Derinine inemediğimiz karakterlerin, tanımakla tanıyamamak arasında kaldığımız kişilerin kitapta gelişigüzel karşımıza çıkmadıklarını biliyoruz. İşte bu, bilgiyle yola çıkan ama o yolu sezgiyle alan Hasan Ali Toptaş anlatımını göz önünde bulundurduğumuzda, yine tanıdık bir ahenk… Romanda karşı karşıya kaldığım her bir adın olayları yaşarken hissettiklerini, bu feraset ve düşle kavramaya çalışıyorum, ki Harfler ve Notalar’da da “Okuyana Mektup” adlı yazısının sonunda şöyle der Toptaş, “Zaten seni olsa olsa sezerim ben, istesem de bilemem. Sen de abartılacak kadar sıradan bir hayat yaşayan bu adamı bilme bence. Çünkü her zaman için sezmek, bilmekten daha iyidir.”
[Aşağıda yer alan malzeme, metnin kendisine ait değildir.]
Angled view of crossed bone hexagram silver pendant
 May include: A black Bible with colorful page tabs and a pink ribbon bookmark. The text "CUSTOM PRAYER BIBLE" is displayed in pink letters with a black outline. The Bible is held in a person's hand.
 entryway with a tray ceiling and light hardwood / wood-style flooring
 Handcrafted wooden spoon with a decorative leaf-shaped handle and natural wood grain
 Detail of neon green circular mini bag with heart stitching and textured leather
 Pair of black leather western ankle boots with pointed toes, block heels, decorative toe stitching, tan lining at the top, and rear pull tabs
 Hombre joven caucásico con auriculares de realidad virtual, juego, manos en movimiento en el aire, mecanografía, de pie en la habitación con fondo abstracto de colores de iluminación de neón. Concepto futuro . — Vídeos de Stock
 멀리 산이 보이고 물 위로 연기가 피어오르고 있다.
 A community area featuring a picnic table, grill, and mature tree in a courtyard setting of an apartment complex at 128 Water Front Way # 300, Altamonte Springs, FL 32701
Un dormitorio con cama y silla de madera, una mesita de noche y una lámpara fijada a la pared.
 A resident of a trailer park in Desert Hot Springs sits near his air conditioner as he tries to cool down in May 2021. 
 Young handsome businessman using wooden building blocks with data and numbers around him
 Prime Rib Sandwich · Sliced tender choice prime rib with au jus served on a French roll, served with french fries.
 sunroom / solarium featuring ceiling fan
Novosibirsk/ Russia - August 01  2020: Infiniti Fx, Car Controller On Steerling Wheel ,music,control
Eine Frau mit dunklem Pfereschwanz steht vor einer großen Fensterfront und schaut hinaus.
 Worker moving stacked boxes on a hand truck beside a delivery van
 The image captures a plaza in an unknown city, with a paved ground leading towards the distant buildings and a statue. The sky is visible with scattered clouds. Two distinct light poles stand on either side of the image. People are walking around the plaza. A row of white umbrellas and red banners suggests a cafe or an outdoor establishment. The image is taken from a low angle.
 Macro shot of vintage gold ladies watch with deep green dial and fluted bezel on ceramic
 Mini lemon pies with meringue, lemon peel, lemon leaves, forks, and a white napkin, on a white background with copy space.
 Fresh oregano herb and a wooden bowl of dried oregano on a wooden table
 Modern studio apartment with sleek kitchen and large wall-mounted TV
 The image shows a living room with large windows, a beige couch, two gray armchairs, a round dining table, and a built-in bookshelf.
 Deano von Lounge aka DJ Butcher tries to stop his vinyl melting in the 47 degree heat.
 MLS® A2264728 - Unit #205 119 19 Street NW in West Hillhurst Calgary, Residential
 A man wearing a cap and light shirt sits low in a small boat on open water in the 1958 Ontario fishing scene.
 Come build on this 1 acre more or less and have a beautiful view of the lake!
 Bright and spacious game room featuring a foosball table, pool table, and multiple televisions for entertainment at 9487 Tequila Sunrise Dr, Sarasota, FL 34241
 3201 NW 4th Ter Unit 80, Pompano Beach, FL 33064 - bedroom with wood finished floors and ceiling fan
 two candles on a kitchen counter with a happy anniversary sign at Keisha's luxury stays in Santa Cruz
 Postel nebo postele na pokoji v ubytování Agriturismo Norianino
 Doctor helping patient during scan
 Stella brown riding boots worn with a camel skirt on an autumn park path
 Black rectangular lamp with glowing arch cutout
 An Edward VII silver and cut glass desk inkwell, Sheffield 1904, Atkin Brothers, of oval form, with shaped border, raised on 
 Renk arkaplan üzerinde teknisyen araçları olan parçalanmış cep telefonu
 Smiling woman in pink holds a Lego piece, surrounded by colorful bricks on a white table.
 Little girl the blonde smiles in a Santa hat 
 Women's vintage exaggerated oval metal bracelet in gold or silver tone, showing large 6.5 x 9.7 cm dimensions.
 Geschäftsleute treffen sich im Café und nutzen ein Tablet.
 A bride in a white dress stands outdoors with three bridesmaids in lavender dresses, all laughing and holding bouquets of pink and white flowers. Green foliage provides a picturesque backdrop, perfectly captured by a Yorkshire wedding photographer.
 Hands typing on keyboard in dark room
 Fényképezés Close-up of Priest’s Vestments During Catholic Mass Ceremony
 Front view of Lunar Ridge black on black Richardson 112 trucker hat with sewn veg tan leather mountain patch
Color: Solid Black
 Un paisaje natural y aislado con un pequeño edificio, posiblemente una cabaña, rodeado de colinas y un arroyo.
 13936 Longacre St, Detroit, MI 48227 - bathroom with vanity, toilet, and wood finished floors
Bir meczûba öykündüren roman!
Birkaç ay önce içeriği itibarıyla çok başarılı bulduğum bir film izlemiştim: Geliş. Dilin, zamanı nasıl etkilediğini ve insana nasıl kavram kattığını anlatıyordu gizli gizli. Hasan Ali Toptaş’ın Şükrü Erbaş ile sohbetinden bir pasajı hatırlattı bana, “İnsan, zamanların bir araya gelmiş halidir. Ya da zaman dediğiniz şey biraz da mekândır ve mekân dediğimiz şey de belki zamandır.’’ Beni Kör Kuyularda, işte o bir araya gelen zamanı çok iyi anlatıyor. Roman, dünya üzerinde gitgide bencilleşen insan ırkının, içler acısı ahvâlini okura çok iyi yansıtmayı başarmış. Kitap boyunca kendime sorduğum çoğu sorudan en istikrarlı olanı ‘’Peki ben ne yapıyorum?” oldu. “Güldiyar’ın yerinde olsam ne yapardım?” ya da “Böyle bir olayla karşılaşan insanların azgın merakına nasıl karşı koyardım?” değil. ‘Şimdi’ ben ne yapıyorum? Her şeyi durup ‘seyretmeye’ gün geçtikçe daha da alıştığımız, iletişimin, medyanın, görsel dünyanın zehirli tarafını büyük lokmalarla yutup güle oynaya kucakladığımız ruhsal hastalıklarımız arasında “Peki, ben ne yapıyorum?” Aklımızın başında olduğuna o kadar eminiz ki, herkesin meczup bellediği o Halil kadar olamıyoruz: Ben kötülük edenle kötülüğe maruz kalana aynı yüz ifadesiyle bakamam, her ikisine de gülümseyemem diyorum size. Bunu yaparsam, o zaman da kendi yüzüme bakamam!